(The input)
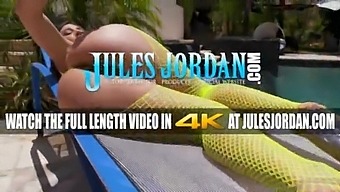 Julesjordan.Com - Big Booty Heavyweight Abella Danger Takes An Outdoor Anal Blasting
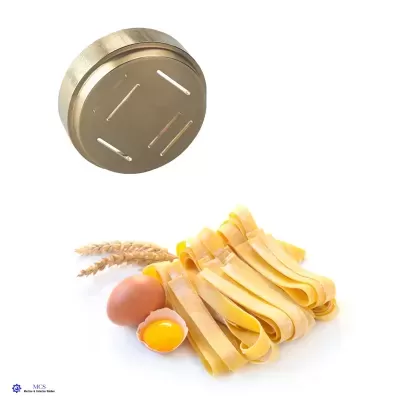 Massa fresca tagliatelle, ovos, espigas de trigo e utensílio de metal redondo sobre fundo branco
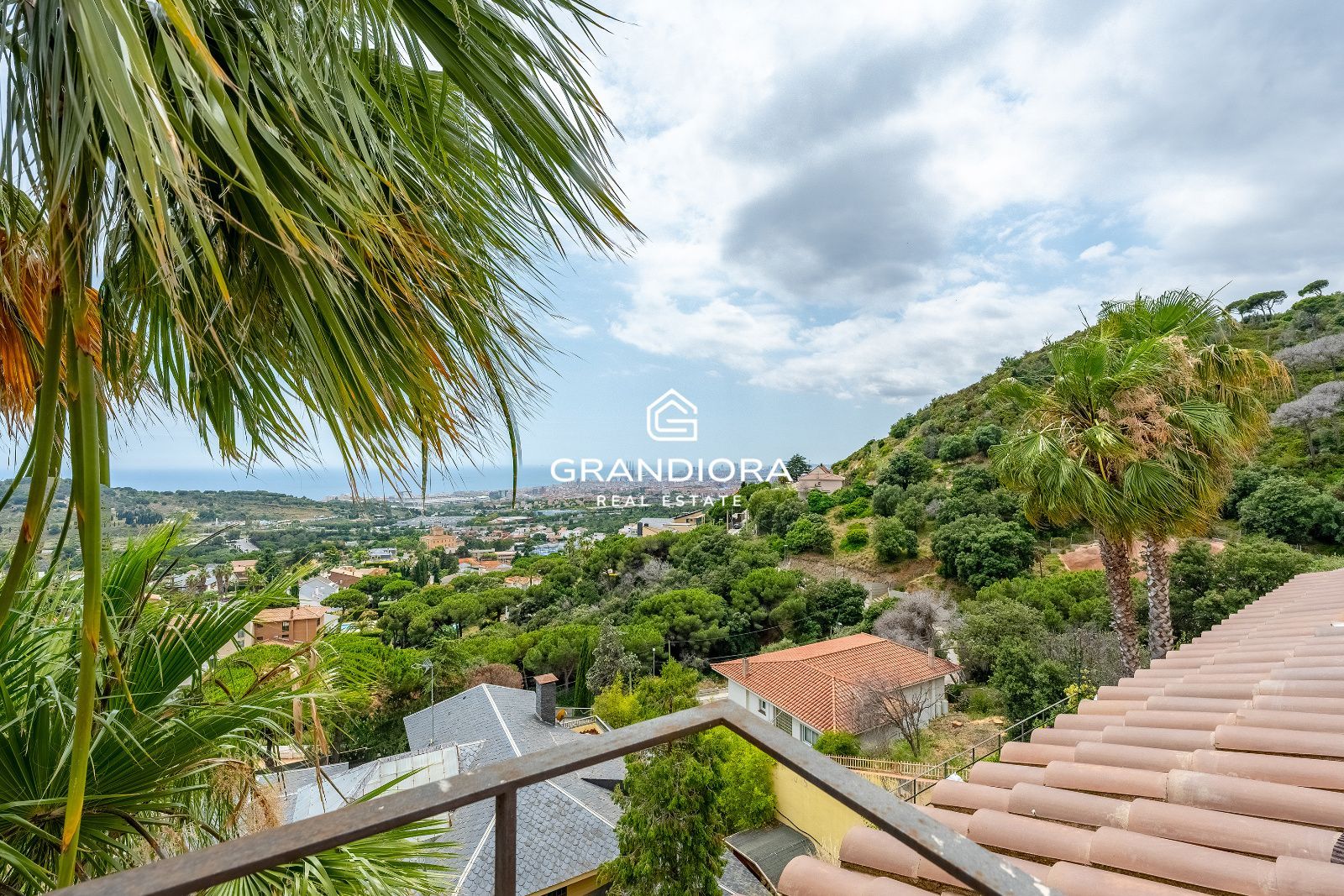 Villa independiente con vistas al mar, de 767 m² con jardín y piscina en el Maresme - Imagen 22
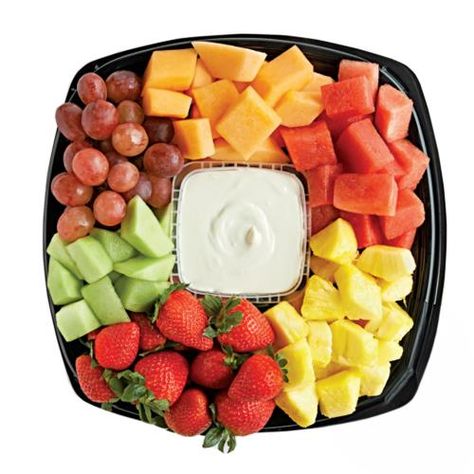 Fruit Tray With Dip, Luncheon Menu, Smoked Sausage Recipes, Fruit Platter Designs, Fruit Kabobs, Food L, Delicious Snacks, Clean Food, Delicious Snacks Recipes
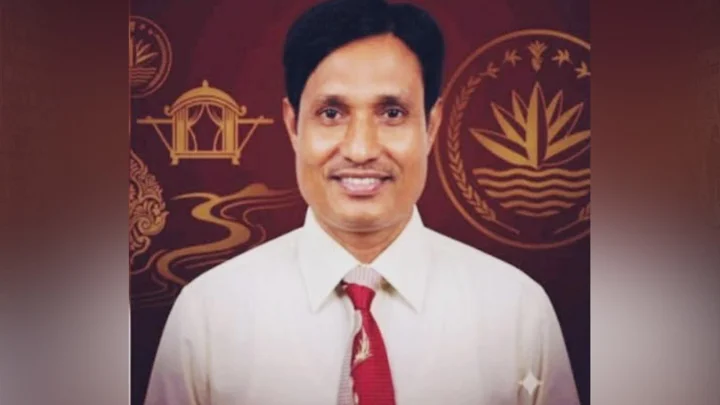 প্রধানমন্ত্রীকে জড়িয়ে ধরতে চাওয়া রাজশাহীর বিভাগীয় কমিশনারকে বদলি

(Instructions for the task) Reproduce the material exactly; keep pictures out.

(Response box)
 Julesjordan.Com - Big Booty Heavyweight Abella Danger Takes An Outdoor Anal Blasting
 Massa fresca tagliatelle, ovos, espigas de trigo e utensílio de metal redondo sobre fundo branco
 Villa independiente con vistas al mar, de 767 m² con jardín y piscina en el Maresme - Imagen 22
 Fruit Tray With Dip, Luncheon Menu, Smoked Sausage Recipes, Fruit Platter Designs, Fruit Kabobs, Food L, Delicious Snacks, Clean Food, Delicious Snacks Recipes
 প্রধানমন্ত্রীকে জড়িয়ে ধরতে চাওয়া রাজশাহীর বিভাগীয় কমিশনারকে বদলি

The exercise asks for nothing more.